Depending on your goals, each method has its pros and cons.

To reach high performance levels, many collision shops plan their capacity with the severity method, where you establish the number of repairs according to their category (small, medium or large, for example). You can also plan your shop’s capacity based on the work load, which is the number of hours available for production (often expressed in percentage). These methods are quite user-friendly for shop managers.

However, you must stay alert. Planning according to the work load can create production jams. These generally occur at the painting stage since this planning method doesn’t consider each technician’s specialty but is rather based on raw hours.

As for the planning per severity method, floor managers must watch for two traps: the gap between the size of the category and the size of the actual repair, and the season. In fact, the mix of categories changes according to the season since the volume per category tends to fluctuate. This may lead to opportunity losses or create unplanned extra work. However, the combination of both methods will give you the best of both worlds, proving quite efficient in the shop and optimizing productivity. So, by playing your cards right, you can maximize profitability.

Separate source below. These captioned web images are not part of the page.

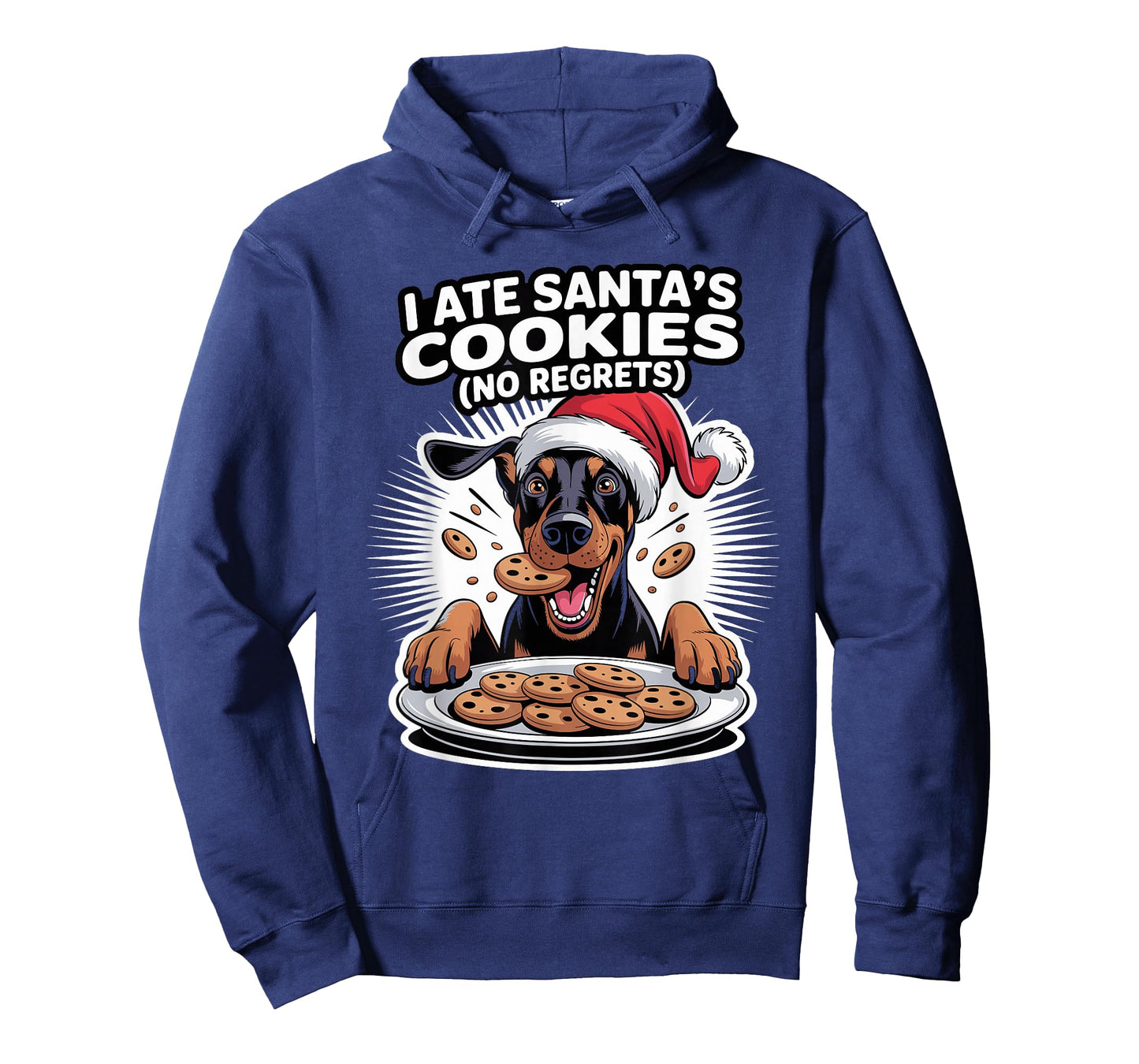 I Ate Santas Cookies Puppy Funny Christmas Doberman Pinscher T-Shirt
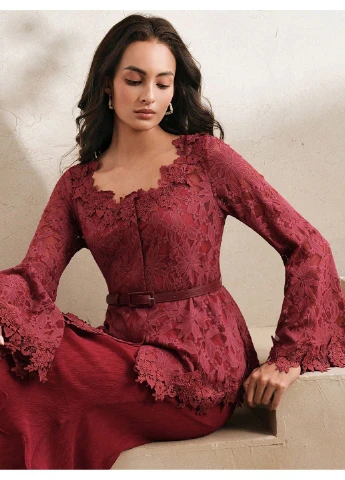 Бордовая блуза SHEIN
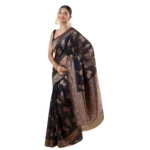 Black Silk Printed Saree with Unstitched Blouse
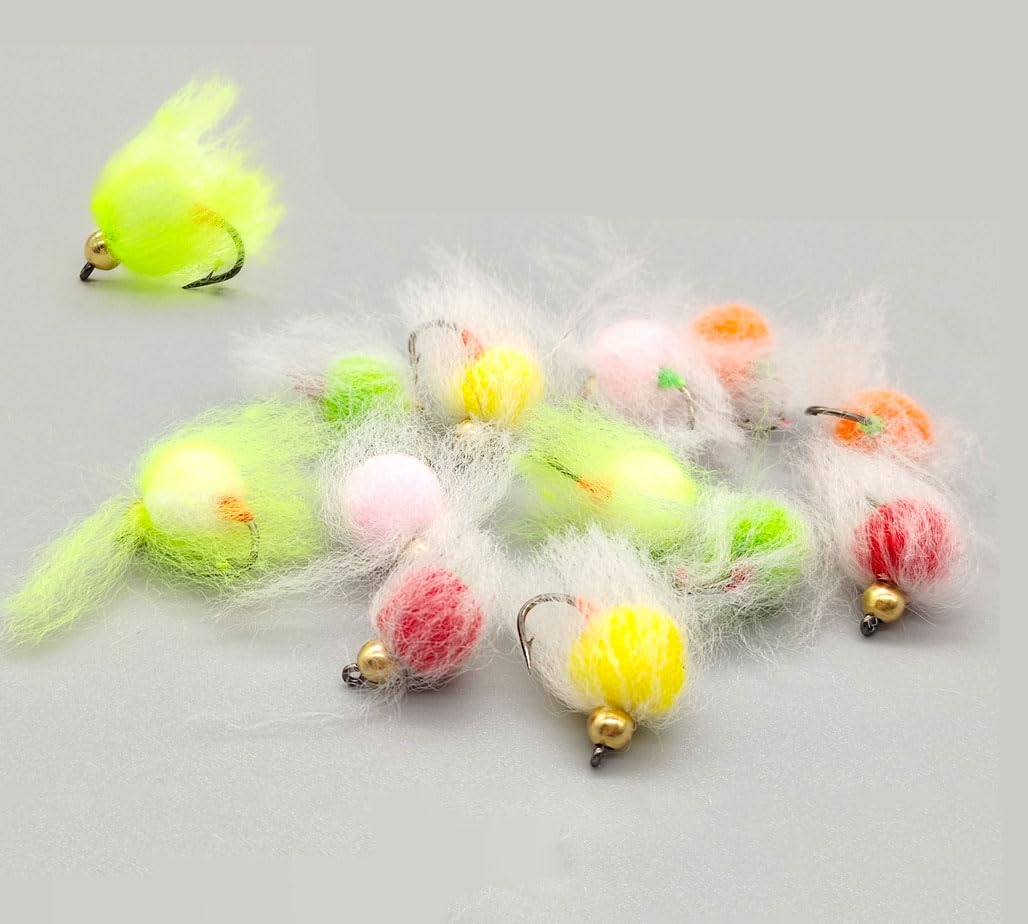 12pcs Bead Head Salmon Egg Fly Salmon Fish Roe Wet Flies Fast Sinking Trout Lure Steelhead Fishing Artificial Bait Lure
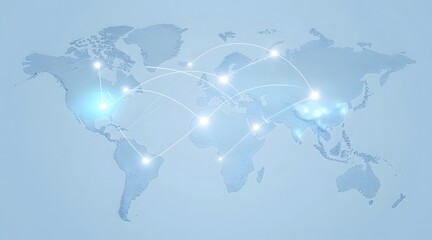 Digital world map illustration with glowing network connection lines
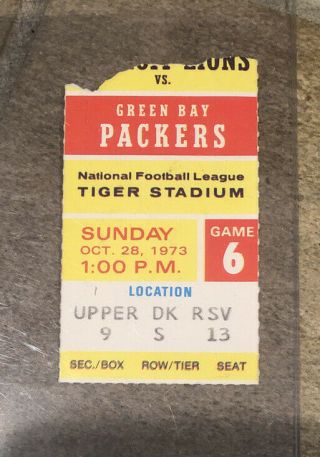10/28/1973 Green Bay Packers At Detroit Lions Nfl Football Ticket Stub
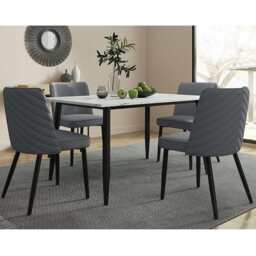 Lisa 4 Seater 120CM Rectangle Marbled Effect Dining Table Set, Grey - thumbnail 1
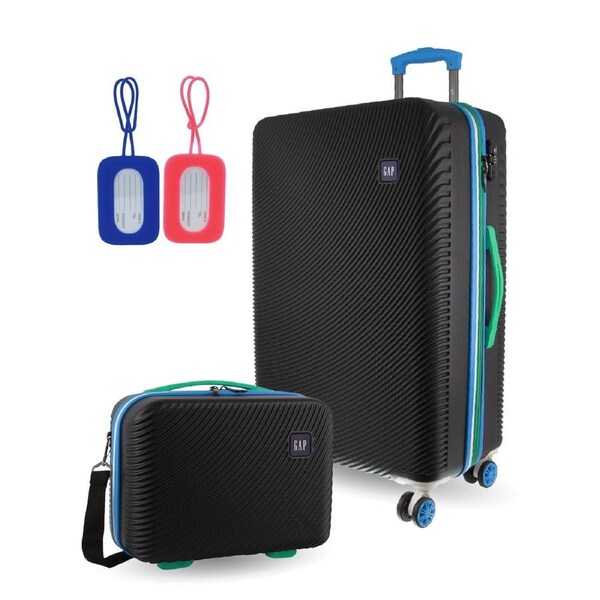 GAP Medium Hard-Shell Luggage & Mini Beauty Travel Case Set w/ Tag Black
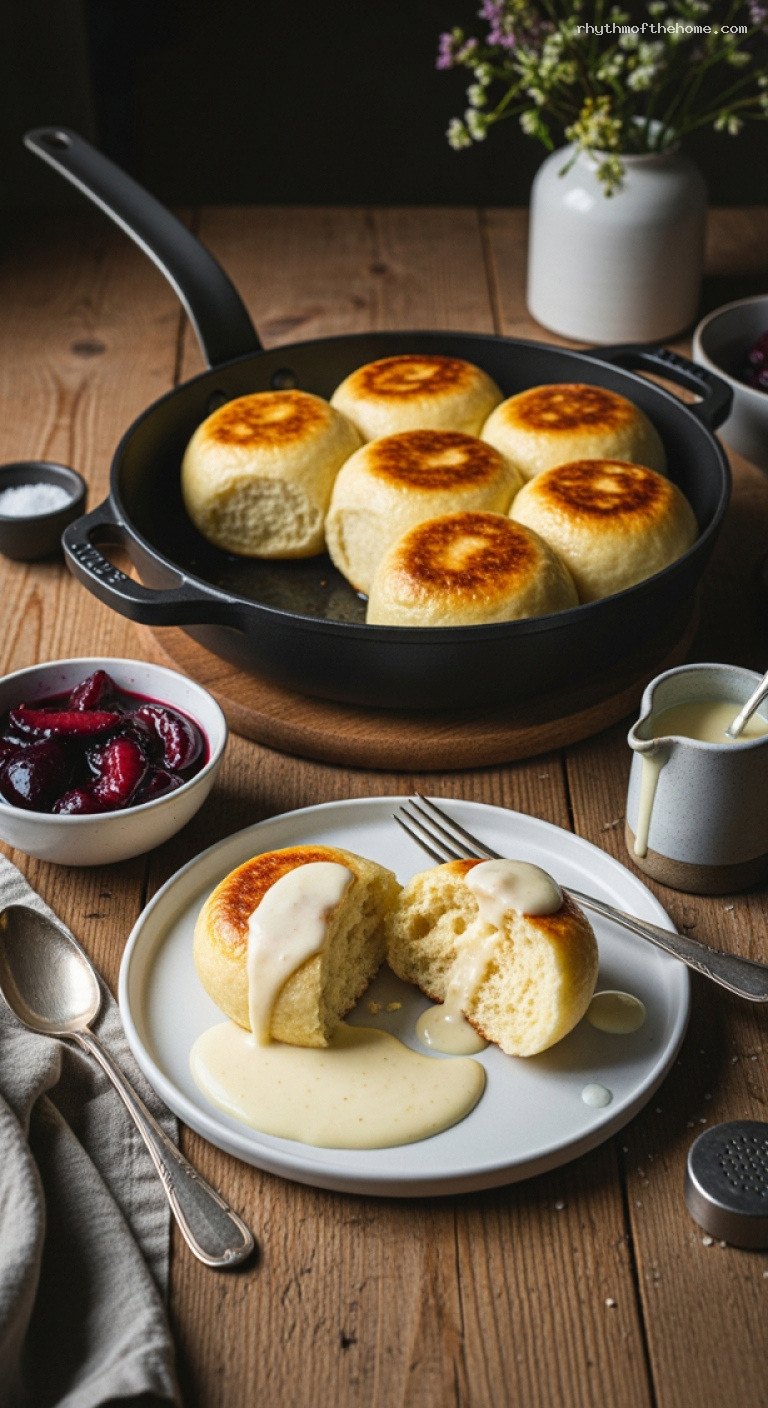 German Dampfnudeln: Pillowy Caramelized Steamed Buns With Vanilla Sauce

Applying these methods using paper or electronic spreadsheets can be a risky exercise. This is why there are specialized tools such as ProgiPlanning.

With ProgiPlanning’s unique concept, managing your shop becomes real and dynamic. You can create your own mix of categories and plan according to your load in order to receive and deliver vehicles all week long. One of the many advantages of ProgiPlanning allows you to meet your shop’s productivity goals.

Whether you want to start learning about capacity planning or you want to improve, the important thing is to first get your team on board to reach your new goals.